サッカーから見える各国の事情
多文化情報Bon dia. 大阪本社 Webディレクターの黒崎です。
今、大阪オフィスにはフランス人が6人もいます。
社員2名+インターン4名。
ついに日本人よりも多くなりました。
私のデスクは両隣がフランス人なので、毎日、フランス語をステレオで聞きながら仕事をしています。
さらに、先日はオフィスに戻ると部屋にはフランス人しかいないという事案も発生し、
いよいよ日本にいることを忘れてしまいそうです。
とにかく、エクスポート・ジャパンは国際色を強くしながら、日々業務を行っています。
さて、そんなフランスで今月から大きなサッカーイベントが開催されることをご存知ですか?

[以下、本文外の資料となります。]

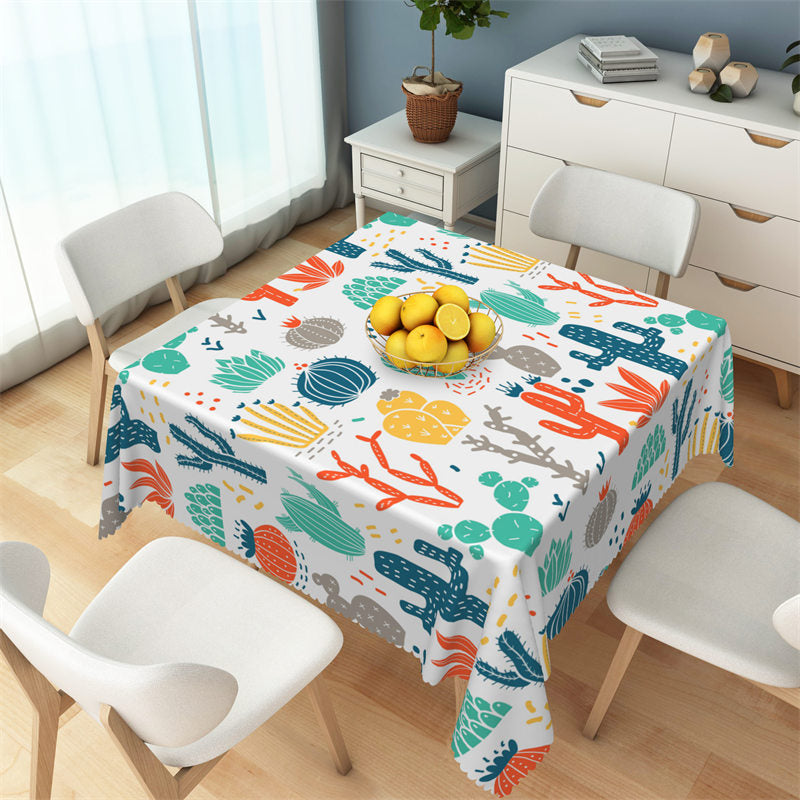 Aperturee - Fabric Colorful Prickly Cactus Square Tablecloth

UEFA EURO 2016(サッカー欧州選手権)です。
皆さんはワールドカップは名前を聞いたことがあると思います。
ワールドカップは世界中の国が参加してNo.1を決める大会です。
一方でこのEURO(ユーロ)は、ヨーロッパの国のみが参加する大会です。
ちなみに、これのアジア版がアジアカップです。
ワールドカップと同じく4年に1度開催されるEURO。
6/10の開幕試合を間近に控えフランスを始めヨーロッパの熱気は高まっています。
そのサッカーはスポーツとしての楽しみ方はもちろんですが、
サッカーを通して見えてくる各国のお国柄や事情を知れることも楽しみの一つです。
特にナショナルチーム(国の代表)の試合を見ていると、
国民性を反映したプレースタイル、国の背景、歴史、政治情勢、といった
様々な事情を知ることができます。
そこで、今回はそのいくつかを紹介したいと思います。
■ 国民性が表れるプレイスタイル
・手堅いサッカーのドイツ。
勤勉な国民と言われるドイツはサッカーの試合からも感じつことができます。
ドイツ代表の試合は手堅い試合運びが特徴。
国際大会でも大崩することは少なく、安定した結果を残しています。
・勇敢さ、闘争心を前面に出すイングランド(イギリス)
イングランドのファンは代表チームに勇敢さを求めます。
ブラジルの華麗なボールさばきとは対照的に
まるでラグビーのように体と体をぶつけあうサッカーにファンは拍手を送ります。
※なぜ、イギリスではなくイングランドと言っているかは、
説明すると長くなるので詳しくはこちらを参照ください。
イングランドとイギリスの違い!サッカー代表チームの謎
・気まぐれな芸術家のイタリア
レオナルド・ダ・ヴィンチやミケランジェロを産んだ国だけあって、
「ファンタジスタ」と呼ばえる天才肌のサッカー選手を多く輩出しています。
しかし、国際試合ではスロースターターでおしりに火がつかないと本気が出ないタイプなのか
成績は安定せず気まぐれな結果。
しかし、勝ち上がるときは毎回ドラマチックで、ドイツとは対照的な印象です。
■ 代表選手から見えてくる各国の移民事情
フランスの代表チームには黒人選手が珍しくありません。
一方で、北欧の国はほとんどが白人の選手です。
この違いは何が理由でしょうか?
これはフランスは移民が多いことと関係しています。
実はあの有名なフランスの英雄ジダンも、アルジェリア系の移民の血を引いており、
フランス代表は様々な背景を持つ選手が一体となって代表チームを構成しています。
他にもオランダやイングランドやイタリアでも黒人選手が増えてきており、
各国の移民事情が代表チームのメンバー構成からうかがい知ることができます。
■ 戦争による国の分裂
現在、日本代表の監督を務めているハリル・ホジッチ監督は現在のボスニア・ヘルツェゴビナの出身です。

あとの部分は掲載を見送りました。